If you didn’t configure anything, you used the default Kernel Replay for which the individual kernel is re-run multiple times. Cache control can be important (depending on the requested metrics) in this mode. The alternative is Application Replay where the whole app is re-run several times and counters are collected in each of these passes. For this mode, cache control can be normally disabled, assuming that the app produces stable initial cache contents itself.
You can change the replay mode using the respective settings in the Profile activity in the UI or using --replay-mode kernel/application on the command line.
will the tooltip feature in the newer version still work if I load up the ncu result file that was produced using the 2021.1 version?
As long as the metrics for the entries in the Memory Workload Analysis tables haven’t changed in between the two versions, it will work. For the header tables, it always works, as those metrics are defined by the .section files during collection, not by the UI. For your architecture and versions, there have been no changes for these metrics, so it will work.
Cache control being disabled could definitely cause this, as these are multi-pass metrics, i.e. the kernel is executed multiple times and each time, some counters are collected. This means that counters generating one of the rates could be collected in one pass while the second metric in another. Without cache control, the performance behavior could significantly differ between the passes.
Ah, I was not aware of the replay mechanism before and now things make more sense. Since my focus is on accurate cache metrics and flushing them between every kernel would likely perturb the accurate behavior, I think the Application replay mode is what I want to go with.
Still, I just took a look at the replay options and am a little confused with what the “replay match” and the “replay buffer” options mean. Could you give some explanation to this?
Unless you have very limited disk space, you don’t need to change the replay buffer setting. It will by default use a temporary file for stream the intermediate results to/from disk.
Replay match decides how kernel instances are matched across replay passes. The documentation on application replay that I linked earlier has a description on it, including a schematic.
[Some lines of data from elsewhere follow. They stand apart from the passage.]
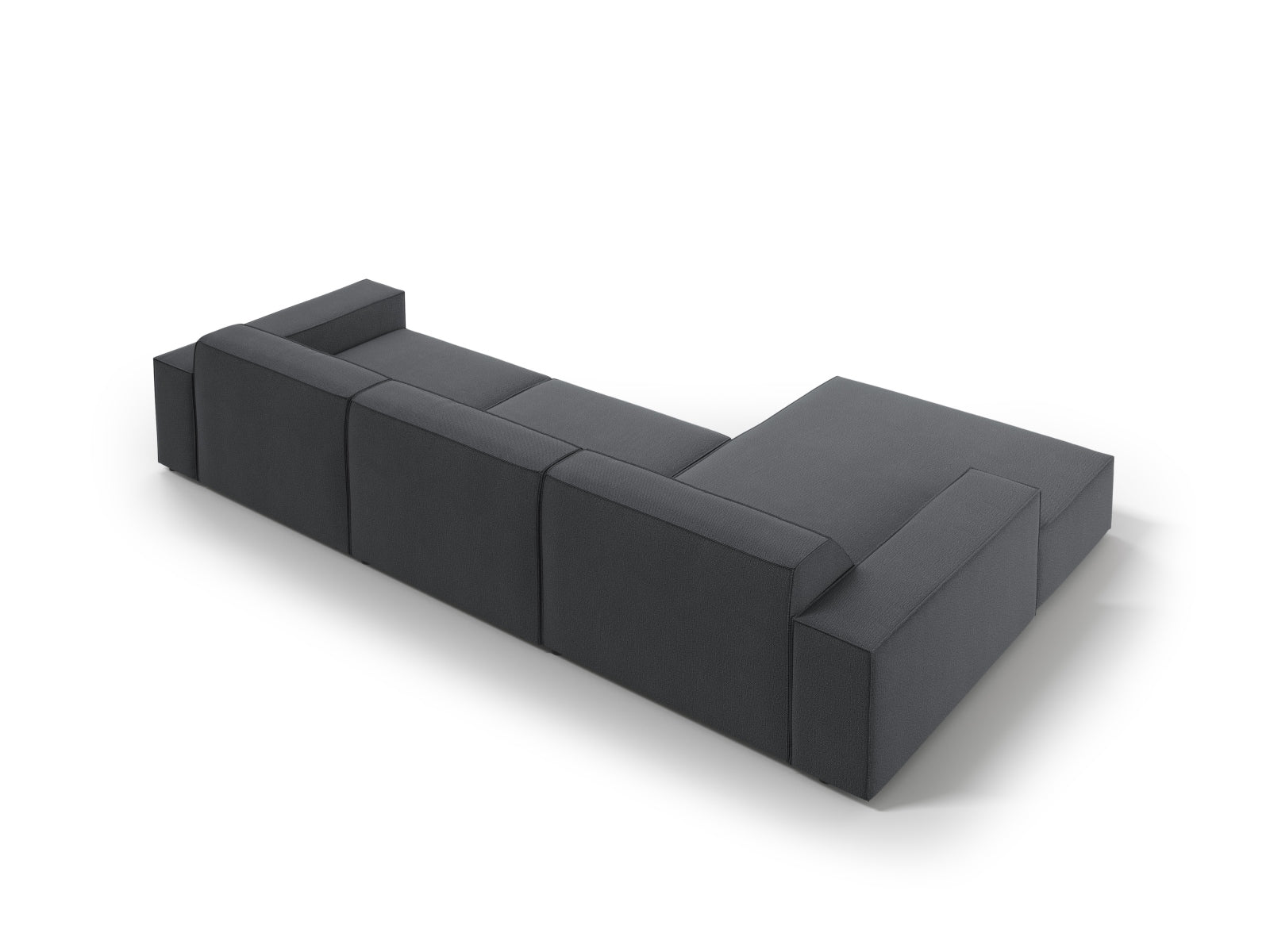 Elegantes, modulares Ecksofa Jodie in Dunkelgrau, perfekt für stilvolle Wohnzimmer. Bietet Platz für vier Personen und hohen Sitzkomfort.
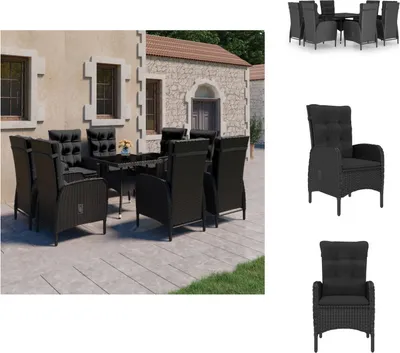 Produktbild von vidaXL 9-tlg. Garten-Essgruppe Poly Rattan und Glas Schwarz -  Gartenmöbel-Sets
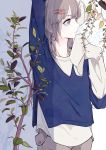  1girl arm_up asai_umi bangs beige_pants commentary_request earrings expressionless grey_eyes grey_hair hair_ornament hairpin half_updo hand_up hands_in_sleeves highres jewelry long_hair long_sleeves original plant short_over_long_sleeves solo upper_body 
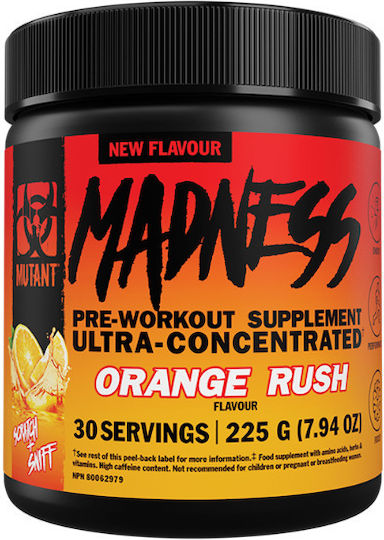 Mutant Madness Pre Workout Supplement 225gr Orange Rush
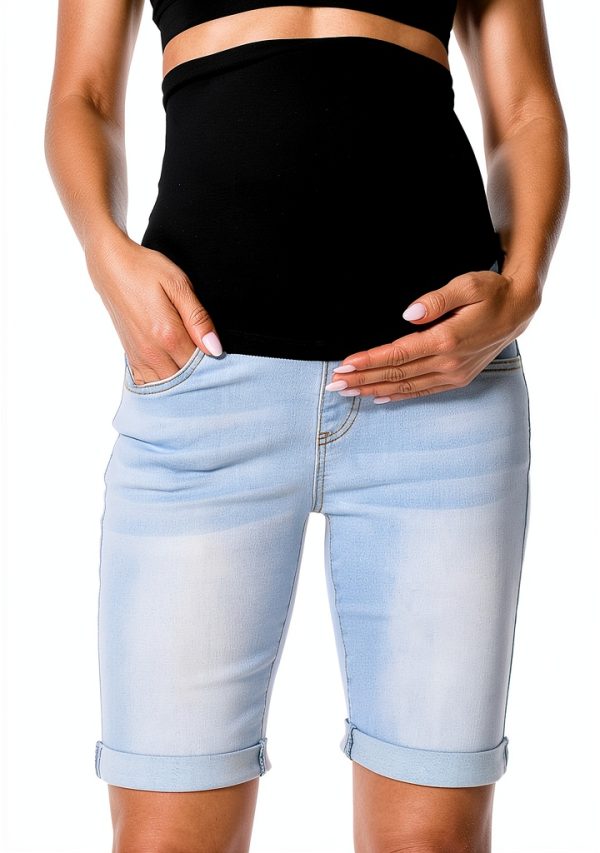 Maternity Denim Shorts MamaFit Stretch Dark Blue Sizes-1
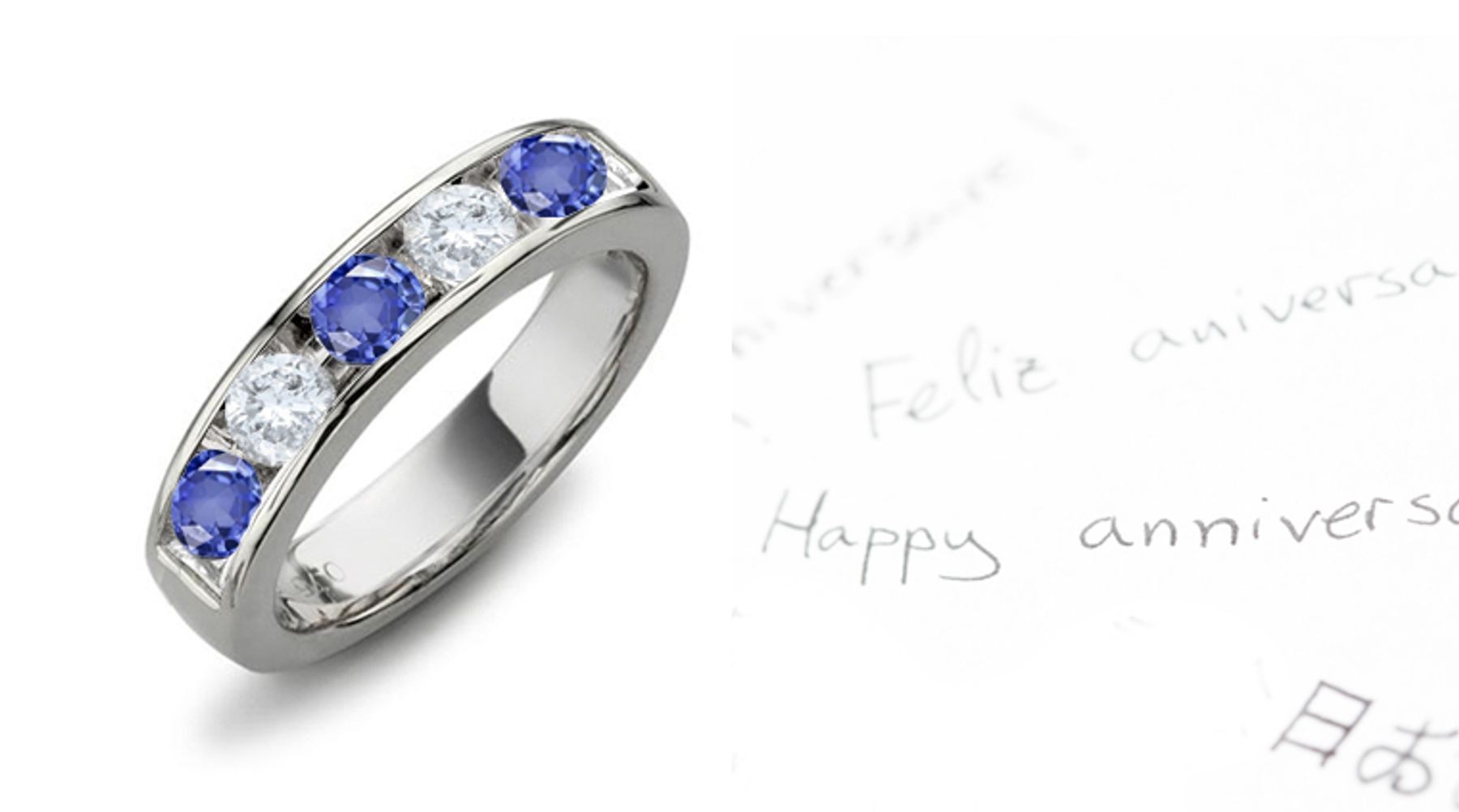 Seven Stone Rings: Sapphire Diamond Round Cut Half Eternity Bands. 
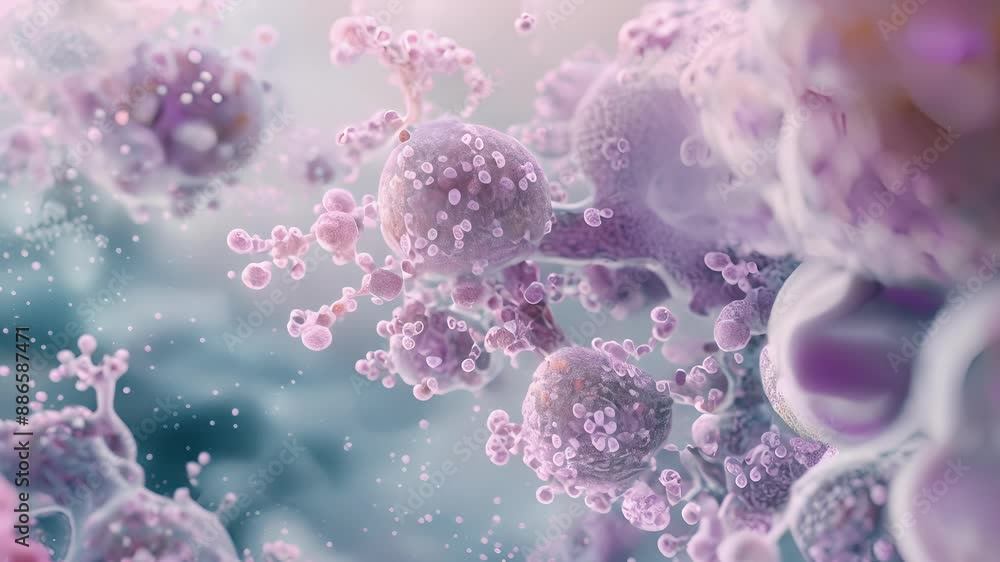 A microscopic view of a tissue sample showing an abundance of macrophages carrying out their key role in phagocytosis keeping the body protected from harmful invaders. A microscopic view of a tissue sample showing an abundance of macrophages carrying out their key role in phagocytosis keeping the body protected from harmful invaders.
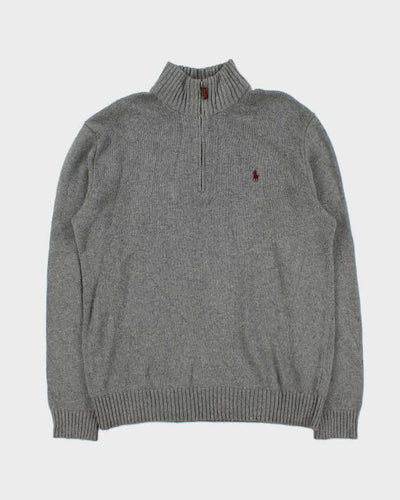 Vintage 00s Polo Ralph Lauren Grey Quarter-Zip Knit Jumper - M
Across application replay passes, NVIDIA Nsight Compute matches metric data for the individual, selected kernel launches.
The matching strategy can be selected using the --app-replay-match option.
For matching, only kernels within the same process and running on the same device are considered.
By default, the grid strategy is used, which matches launches according to their kernel name and grid size.
When multiple launches have the same attributes (e.g. name and grid size), they are matched in execution order.
If your app is fairly deterministic, you won’t need to change this option either and the grid strategy will work.
I see. Thanks for the guide and I’ll report back if the same problem happens with the new settings.
I rerun the experiment with 2021.2.0 and the Application Replay mode, but the discrepancy is still there. The tooltip does show me the formula for the hit rates; it looks the number in the chart is directly taken from a performance counter (l1tex__t_sector_hit_rate.pct
), whereas the number in the table sums all the lookup counts to different memory units (e.g. lsu_mem_local_..._lookup_hit.sum
) to get the hit/miss number and does a simple hit/(hit+miss) calculation. However this does not tell me exactly where the discrepancy is coming from.
Which one of the two do you think is more reliable? My guess is the .pct
number since it seems like directly coming from a performance counter; is this true?
Also, do you think this is somehow related to the fact that this application utilizes the RT cores?
I checked with the team that creates our metrics library and the primary difference between the two numbers appears to be that l1tex__t_sector_hit_rate.pct includes traffic coming from other units than the ones aggregated “manually” in the table.
With respect to the difference for L2, this is still under investigation. We still believe that this is caused by the fact that counters are collected over multiple passes (even in application replay).